*THE TASK*: Below are the records to transcribe exactly; do not include any images.

[Records drawn from a dataset]
§ §
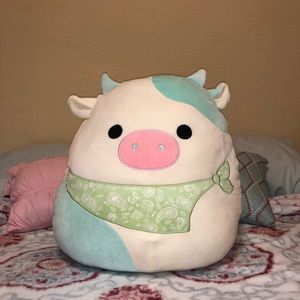 16” belena the cow squishmallow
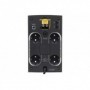 APC BACK-UPS 1400VA AVR SCHUKO
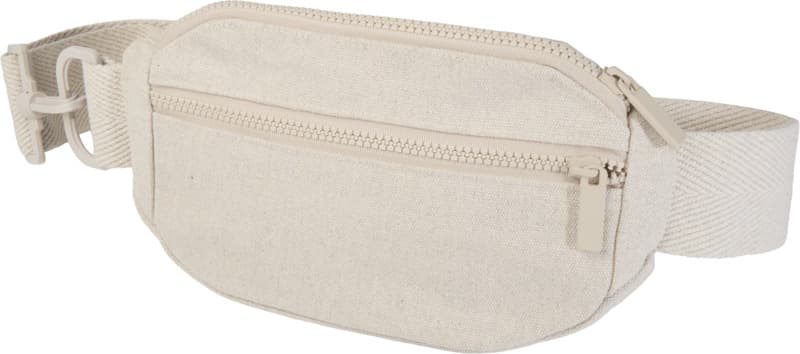 Crescent 500 g/m² Aware™ recycled crossbody bag 1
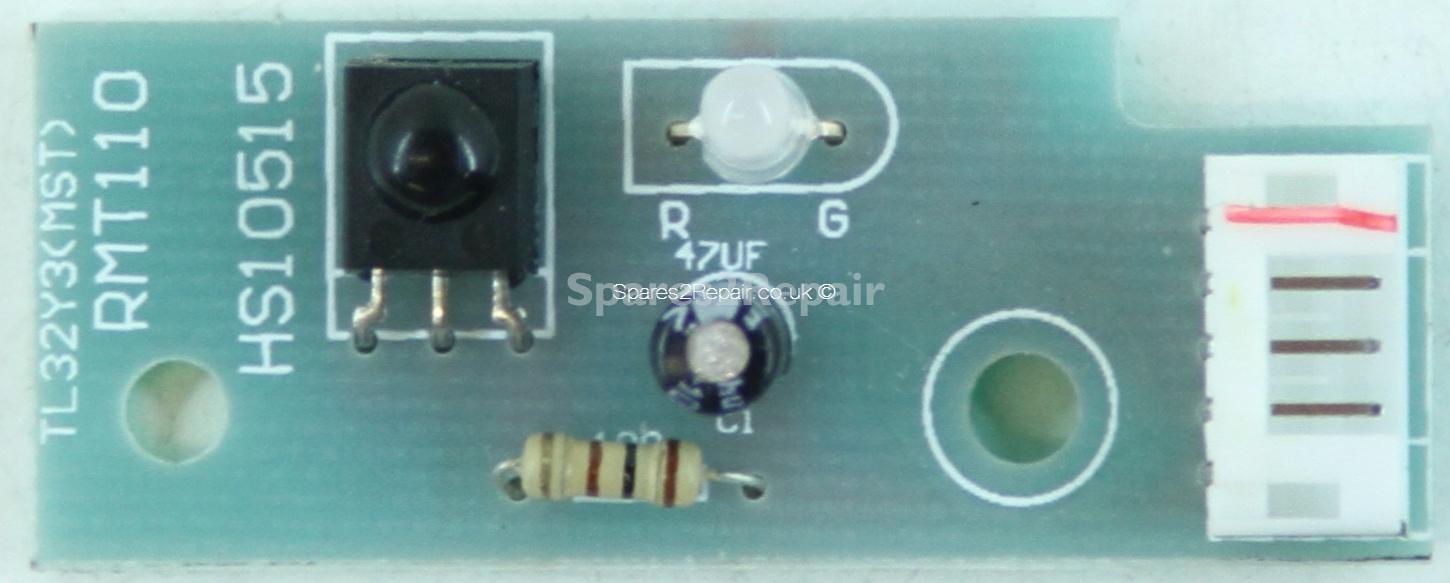 Unknown 32 Inch - IR - HS10515 - RMT110 - TL32Y3(MST)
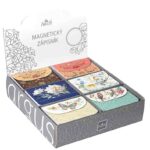 Magnetický zápisník BauSHOP Stavebniny Široke Akcia 25071 Magnetický zápisník BauSHOP Stavebniny Široke Akcia 25071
§ §
*WRITTEN RESPONSE*:
 16” belena the cow squishmallow
 APC BACK-UPS 1400VA AVR SCHUKO
 Crescent 500 g/m² Aware™ recycled crossbody bag 1
 Unknown 32 Inch - IR - HS10515 - RMT110 - TL32Y3(MST)
 Magnetický zápisník BauSHOP Stavebniny Široke Akcia 25071 Magnetický zápisník BauSHOP Stavebniny Široke Akcia 25071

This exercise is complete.